_ABOUT THIS EXERCISE_. Write out again, word for word, the lines below from the line that holds "Thumbnail of Trench" through the line that holds "Pistolet à eau", omitting pictures.

_DATA FOR ANALYSIS_.
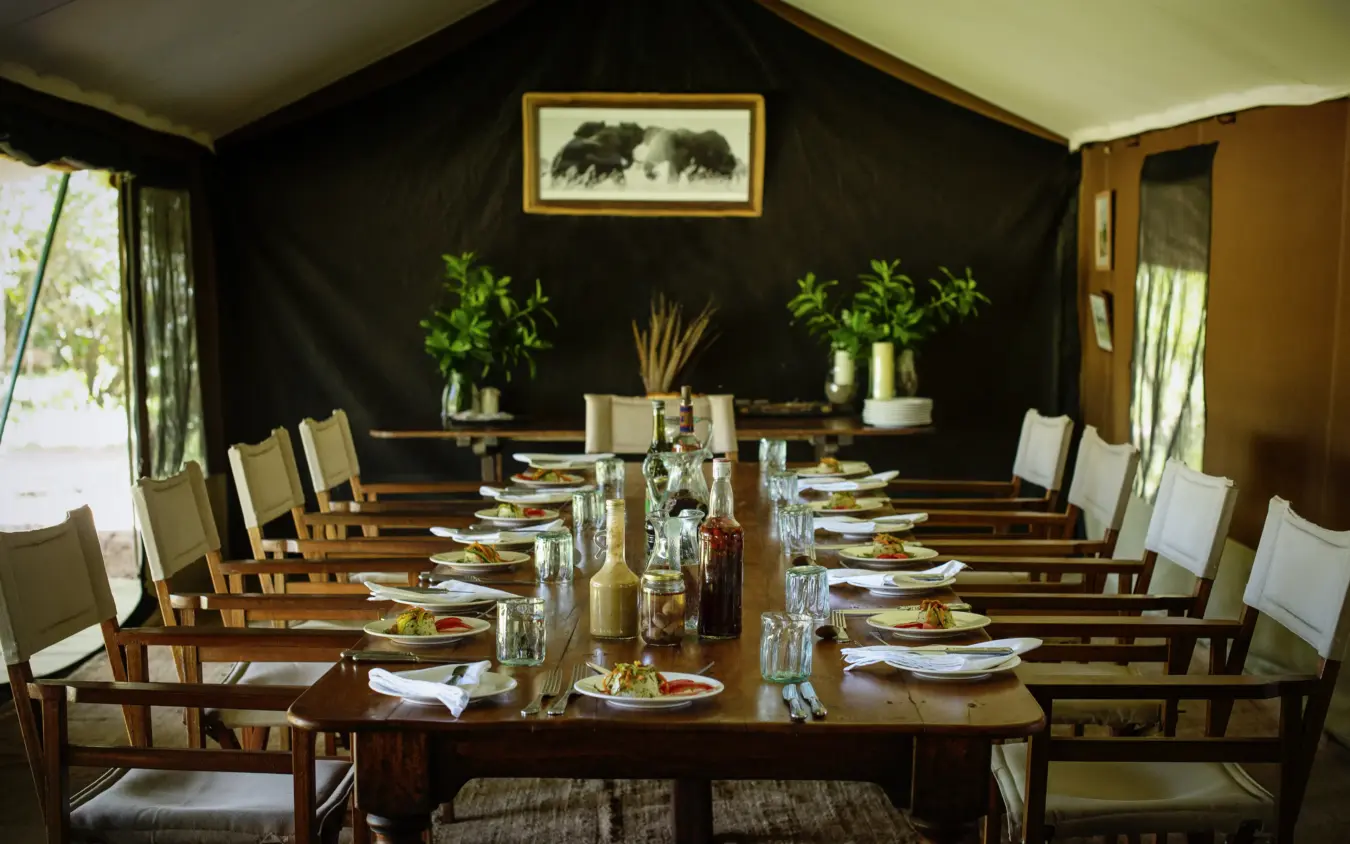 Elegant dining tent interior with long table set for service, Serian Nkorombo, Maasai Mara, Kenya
--
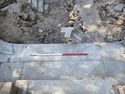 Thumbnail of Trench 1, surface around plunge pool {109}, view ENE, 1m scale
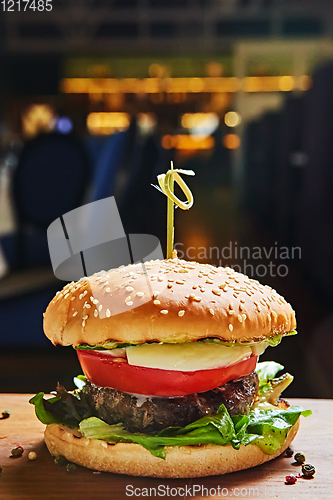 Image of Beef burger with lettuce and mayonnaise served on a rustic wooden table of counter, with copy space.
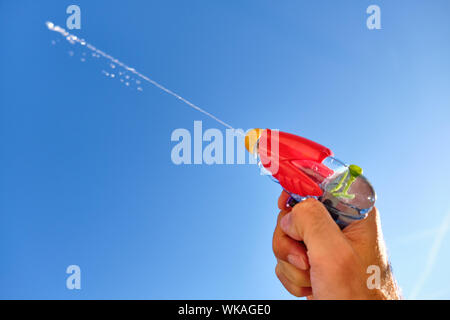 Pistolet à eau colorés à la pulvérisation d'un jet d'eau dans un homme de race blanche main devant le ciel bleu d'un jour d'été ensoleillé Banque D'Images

_EXERCISE OUTPUT_.
 Thumbnail of Trench 1, surface around plunge pool {109}, view ENE, 1m scale
 Image of Beef burger with lettuce and mayonnaise served on a rustic wooden table of counter, with copy space.
 Pistolet à eau colorés à la pulvérisation d'un jet d'eau dans un homme de race blanche main devant le ciel bleu d'un jour d'été ensoleillé Banque D'Images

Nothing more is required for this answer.